Data excerpts:
══════════

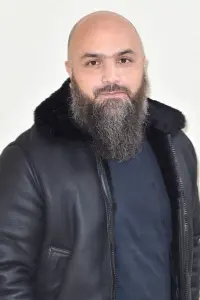 Photo Nabil Akrouti
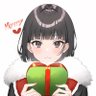 Nana777's profile picture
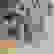 item-92086546=2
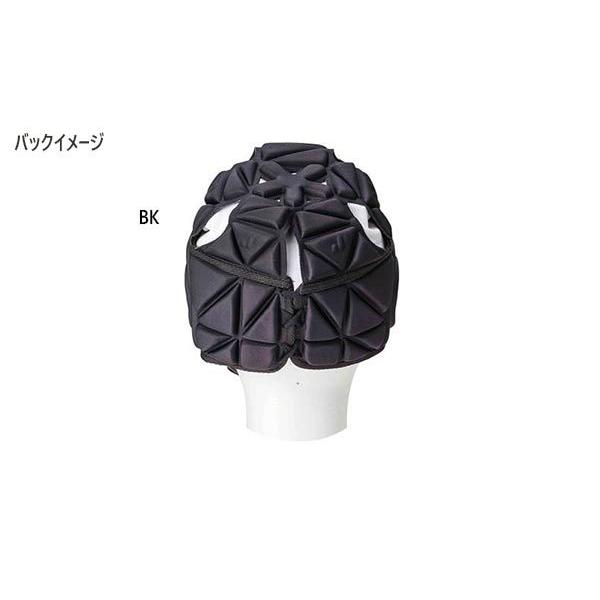 SCEPTRE セプター メンズ ヘットギア ラグビー 日本ラグビー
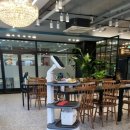 세븐일레븐 물금바젤나인점 | [증산역맛집] 챠오샤브 양산점 다녀온 후기랍니다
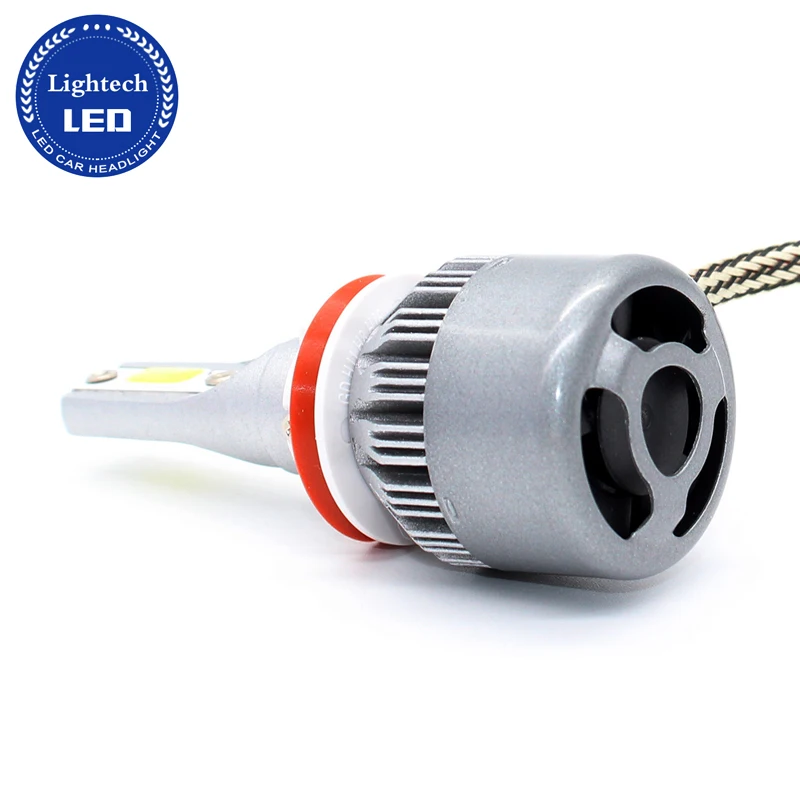 car h11 headlight.jpg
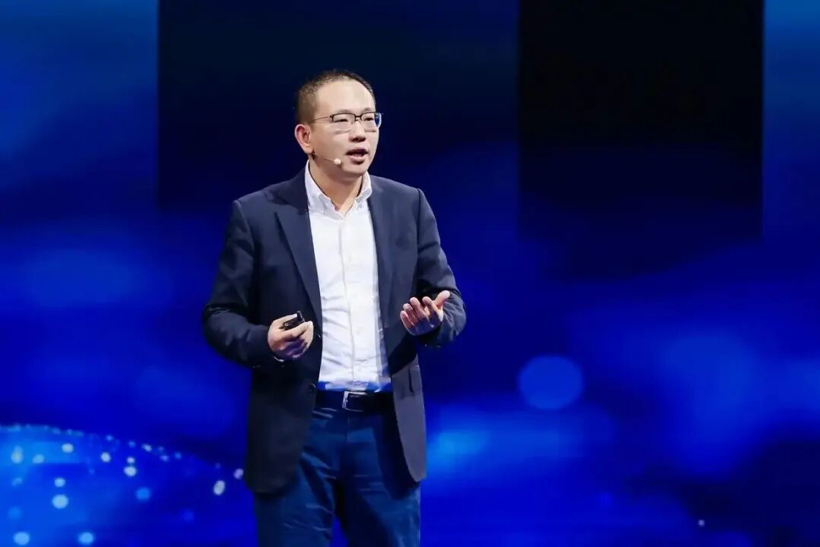 汽车需要灵魂吗？等待智能座舱进化吧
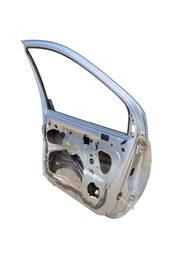 PORTA DIANTEIRA ESQUERDA SCENIC 1999 2000 A 2011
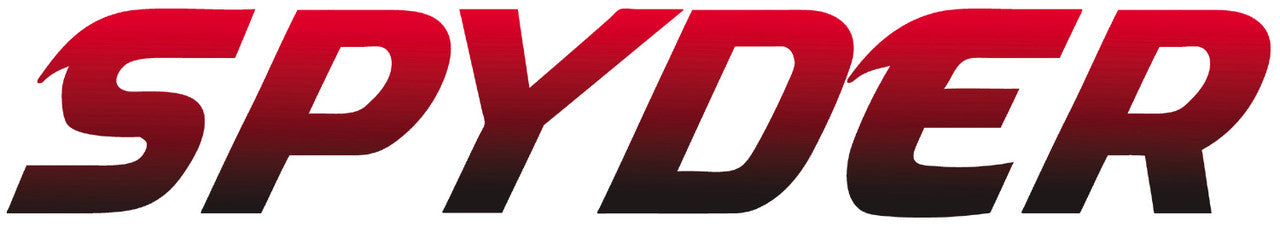 xTune 11-18 Dodge Challenger Radiator Fan (RF-CH3115169)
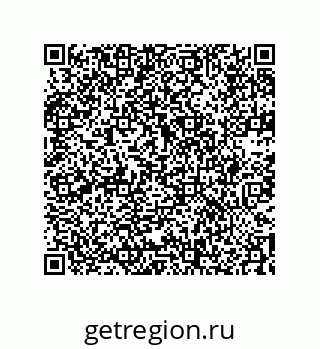74722330945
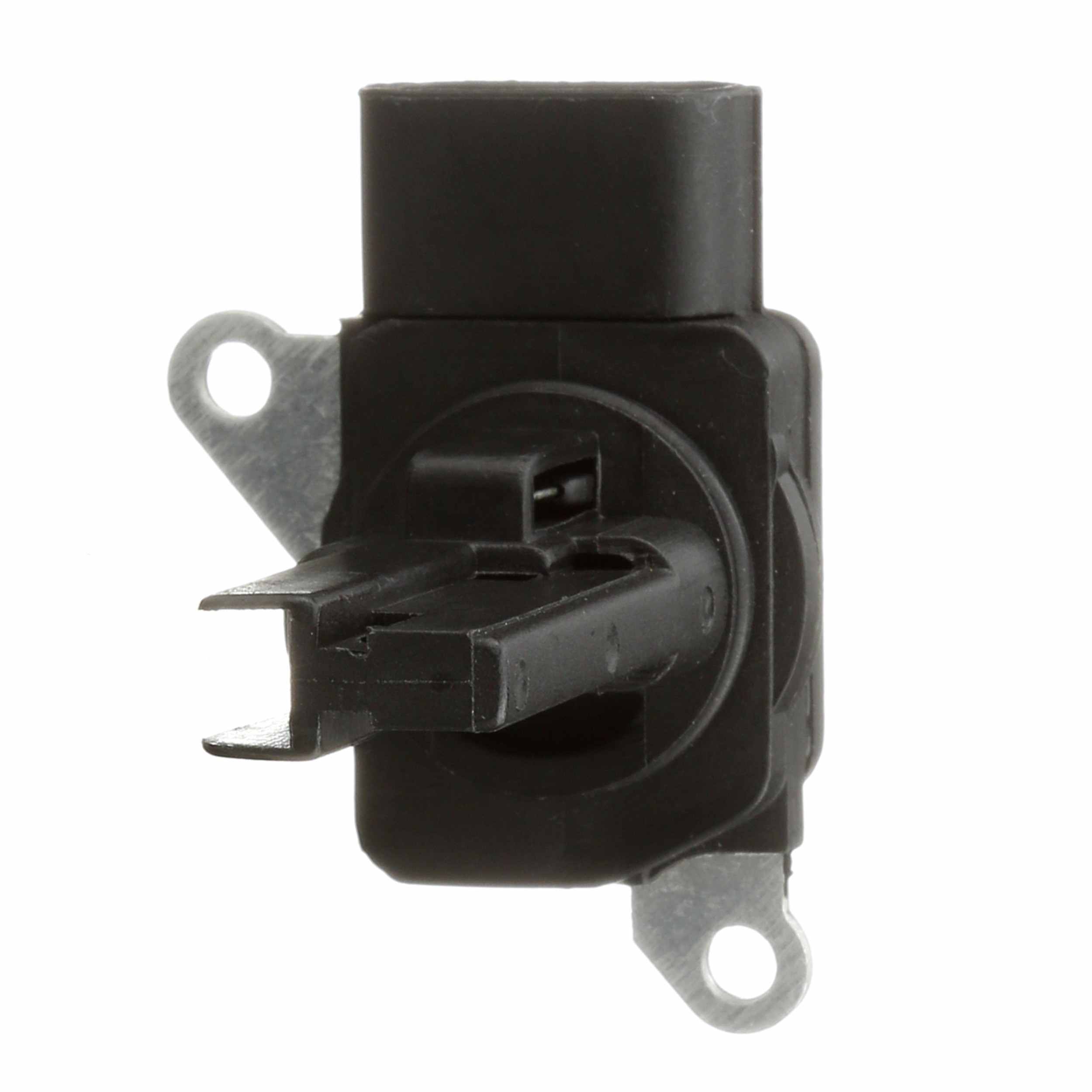 Delphi Mass Air Flow Sensor AF10343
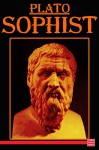 Sophist - Plato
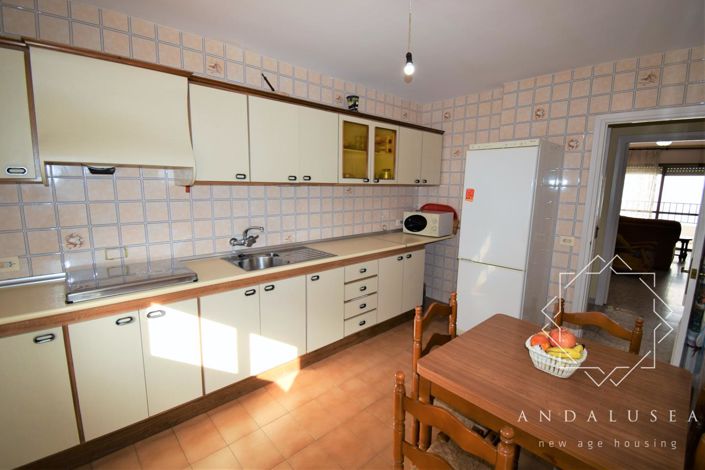 Image No.36-4 Bed Property for sale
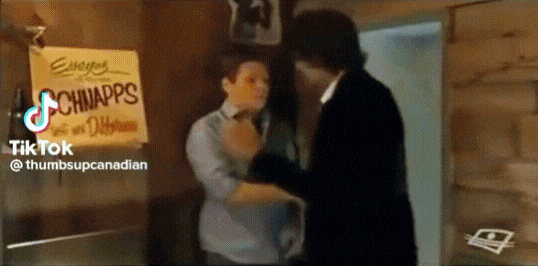 20220922_104951.gif
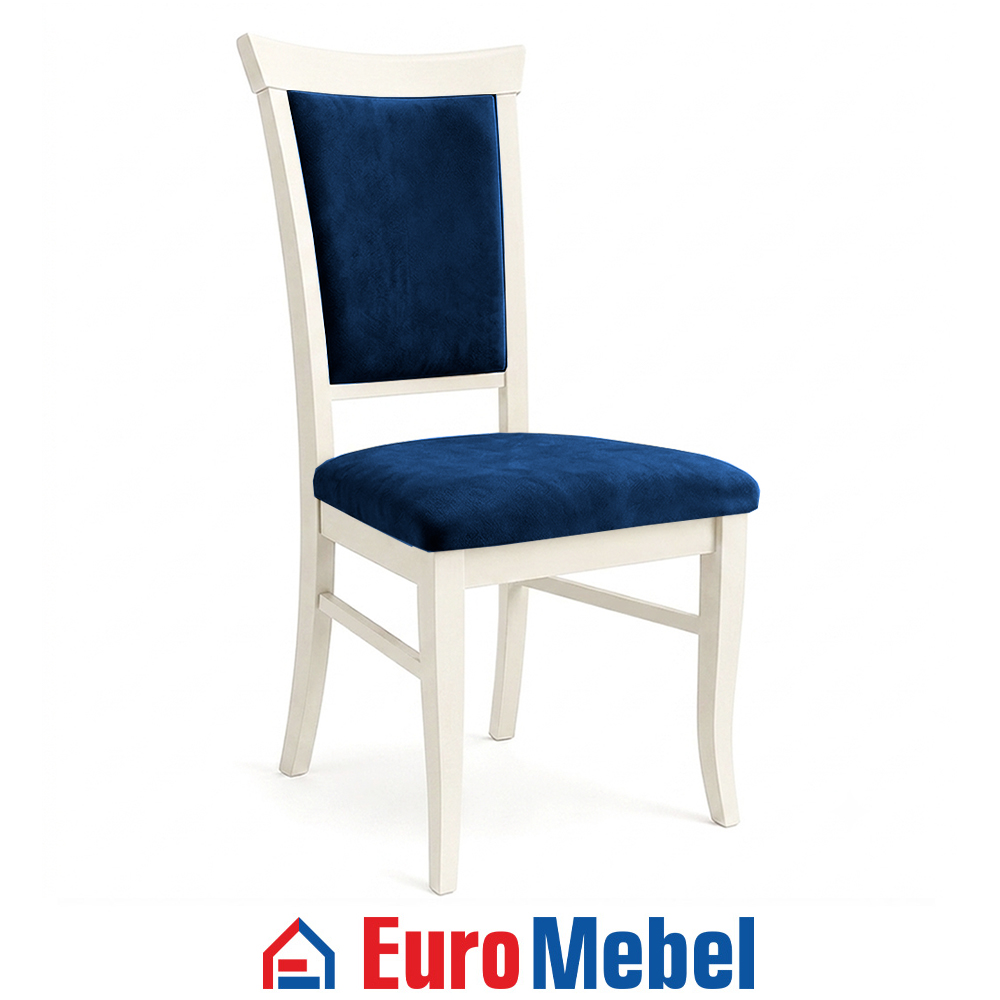 stul-unison-m-p50271501-velutto-26-5341-00078786-sl-kost-evromebel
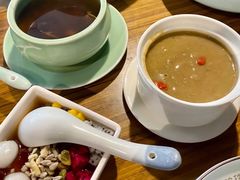 -禾珍珠家常小馆(河南博物院店)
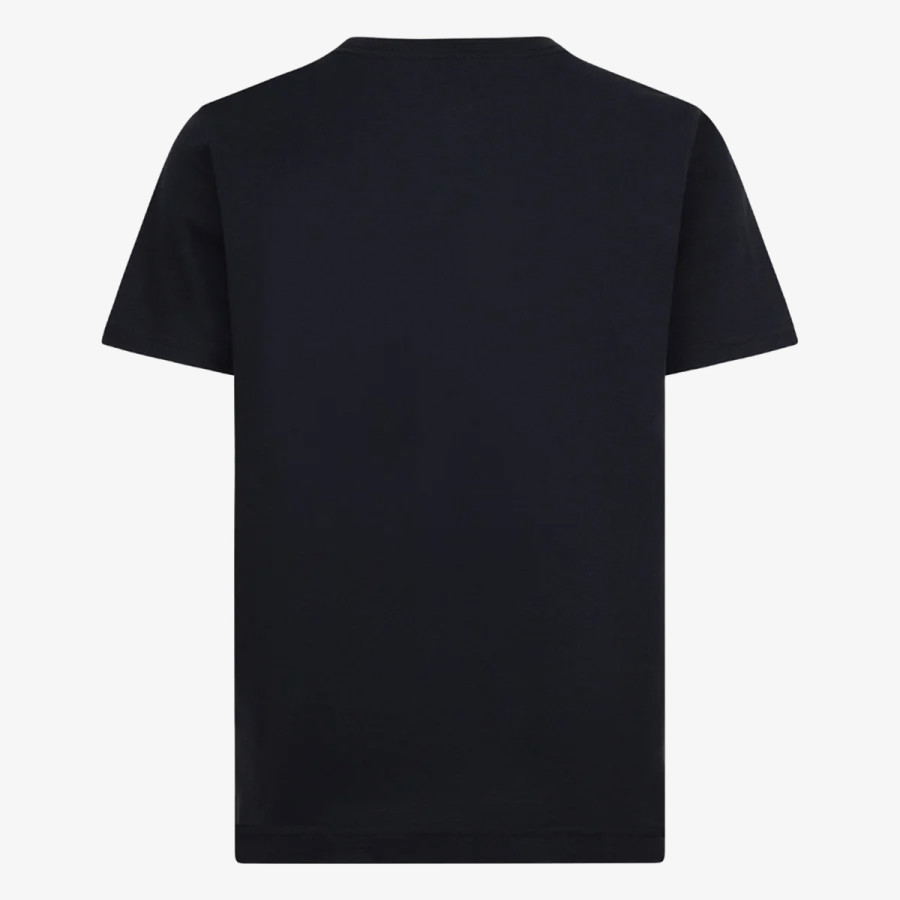Jordan JDB PE JUMPMAN BANNER SS TEE 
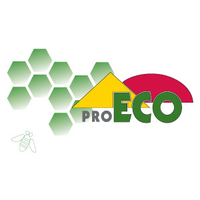 Pro-Eco B.V. logo, Pro-Eco B.V. contact details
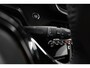 Peugeot 2008 1.2 PURETECH ALLURE PACK 100PK ECC/CRUISE/NAV/CAMERA/REGEN.SENS/PARK.SENS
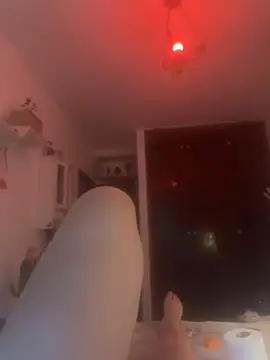 witchdub – Live XXX-chat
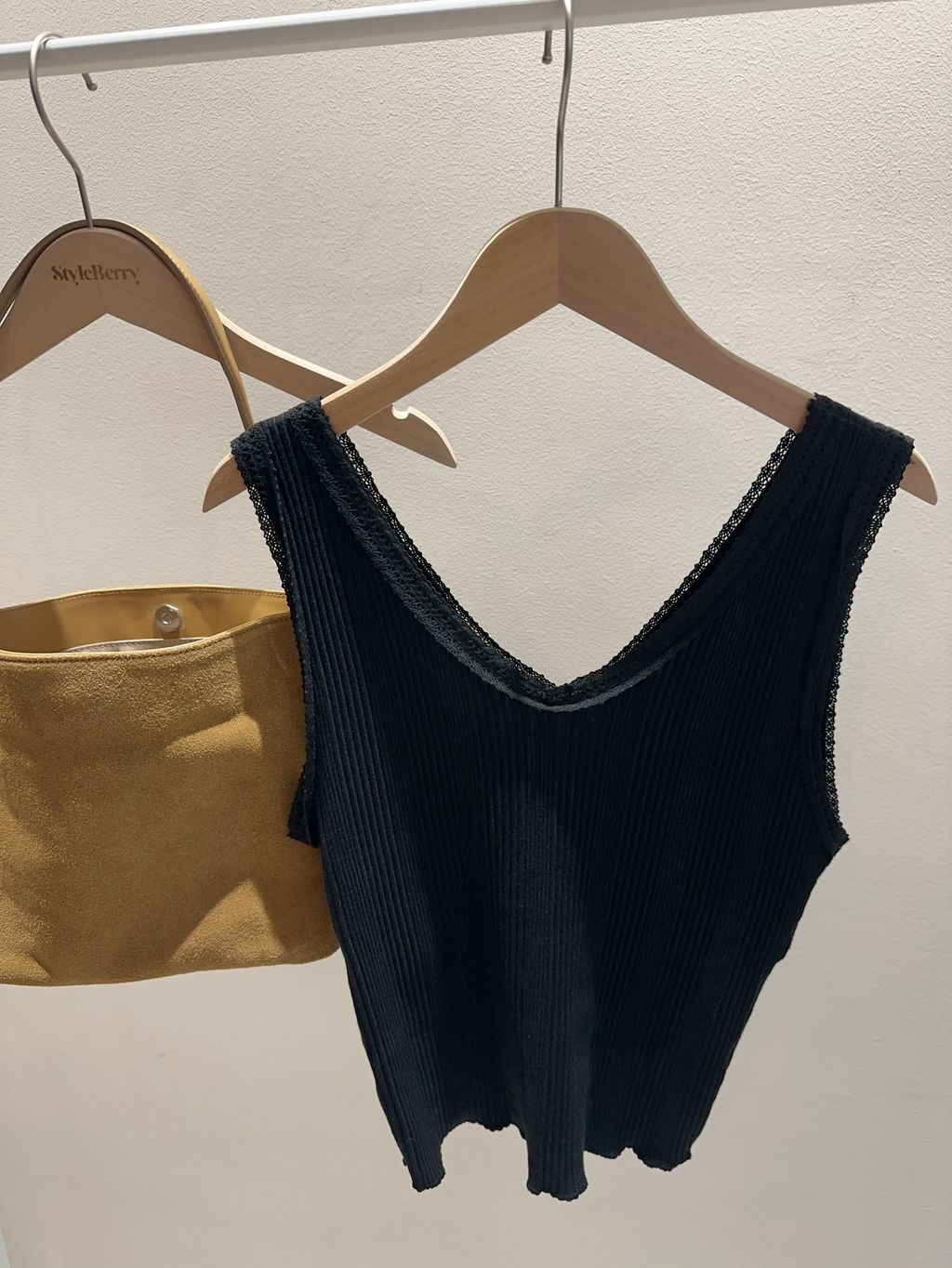 image_391B7CC7-378B-484E-84C1-237B400B53C2_1767870557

══════════

--- Action item ---
The lines to set down run from the line with "74722330945" up to and including the line with "Pro-Eco B.V. logo, Pro-Eco" in the entries above. Reproduce them exactly, with no pictures.

--- Task response ---
74722330945
 Delphi Mass Air Flow Sensor AF10343
 Sophist - Plato
 Image No.36-4 Bed Property for sale
 20220922_104951.gif
 stul-unison-m-p50271501-velutto-26-5341-00078786-sl-kost-evromebel
 -禾珍珠家常小馆(河南博物院店)
Jordan JDB PE JUMPMAN BANNER SS TEE 
 Pro-Eco B.V. logo, Pro-Eco B.V. contact details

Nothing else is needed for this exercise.